Collected material
────────
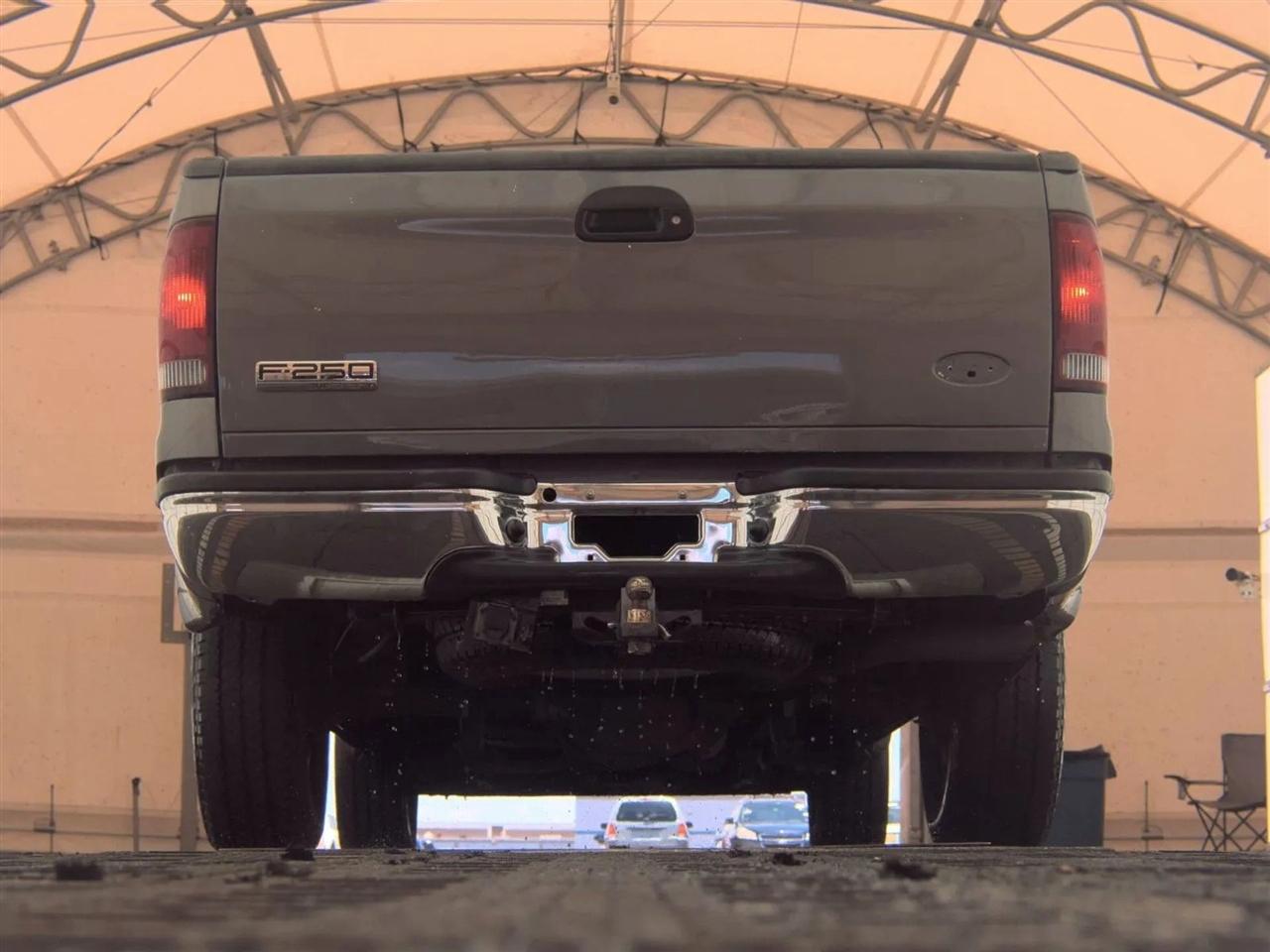 Ford Super Duty F-250 Supercab 142" Lariat 2002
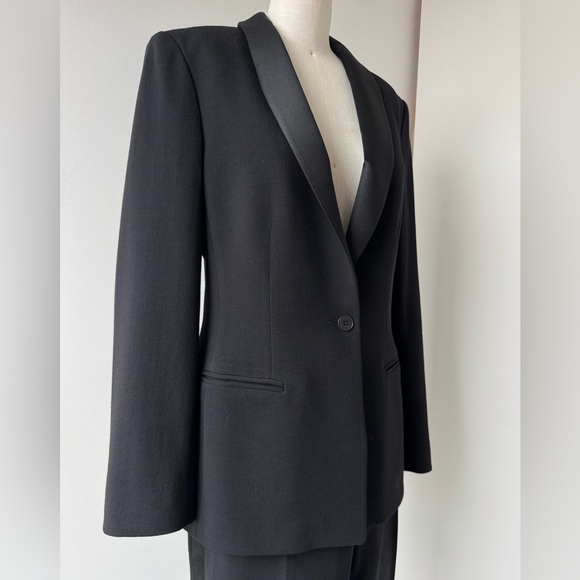 Micheal Kors classic 1 button Tuxedo Jacket size 12 🤵‍♀️ - Picture 5 of 14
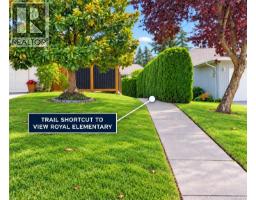 15 Parkcrest Dr, View Royal, BC V9B5L9 Photo 35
────────
Instructions for the task
From the line with "Micheal Kors classic" through the final line of the data above, copy everything exactly, both ends included, but not the pictures.

Written solution
 Micheal Kors classic 1 button Tuxedo Jacket size 12 🤵‍♀️ - Picture 5 of 14
 15 Parkcrest Dr, View Royal, BC V9B5L9 Photo 35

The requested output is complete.